- Activity
Omit the pictures, then write out every entry exactly as it reads.

- Data for this exercise

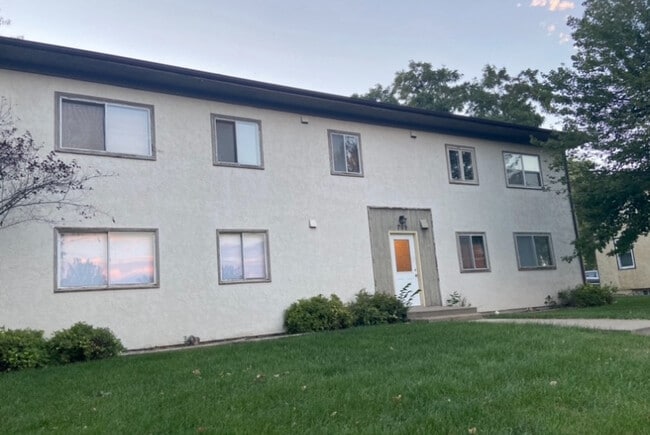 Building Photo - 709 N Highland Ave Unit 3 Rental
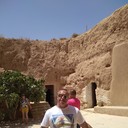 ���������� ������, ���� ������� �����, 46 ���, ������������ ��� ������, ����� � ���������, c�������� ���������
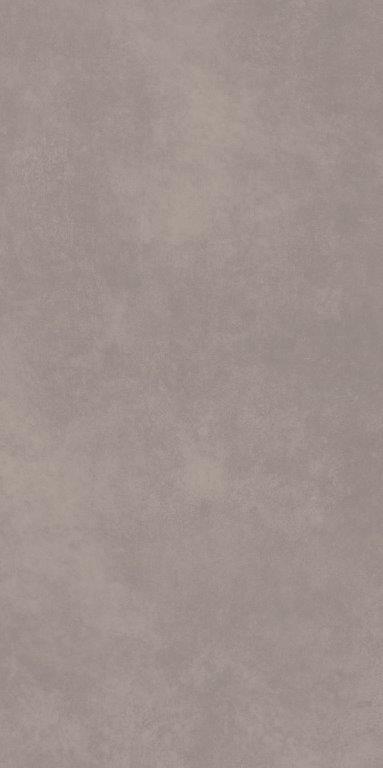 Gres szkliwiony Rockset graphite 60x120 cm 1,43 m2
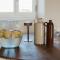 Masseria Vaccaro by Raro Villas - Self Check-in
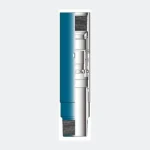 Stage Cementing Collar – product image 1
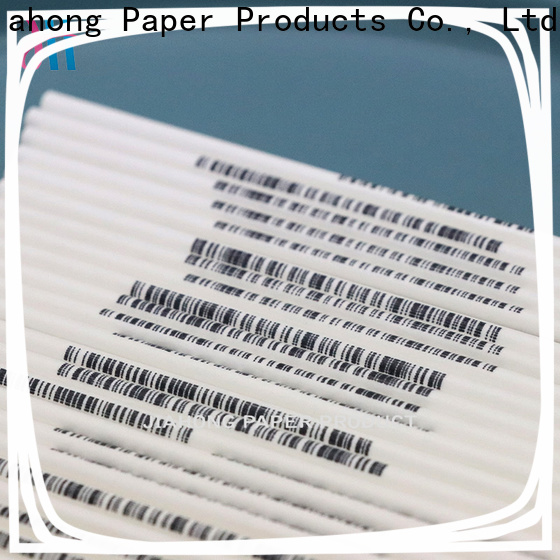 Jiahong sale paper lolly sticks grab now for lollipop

- Result for this exercise
 Building Photo - 709 N Highland Ave Unit 3 Rental
 ���������� ������, ���� ������� �����, 46 ���, ������������ ��� ������, ����� � ���������, c�������� ���������
 Gres szkliwiony Rockset graphite 60x120 cm 1,43 m2
 Masseria Vaccaro by Raro Villas - Self Check-in
 Stage Cementing Collar – product image 1
 Jiahong sale paper lolly sticks grab now for lollipop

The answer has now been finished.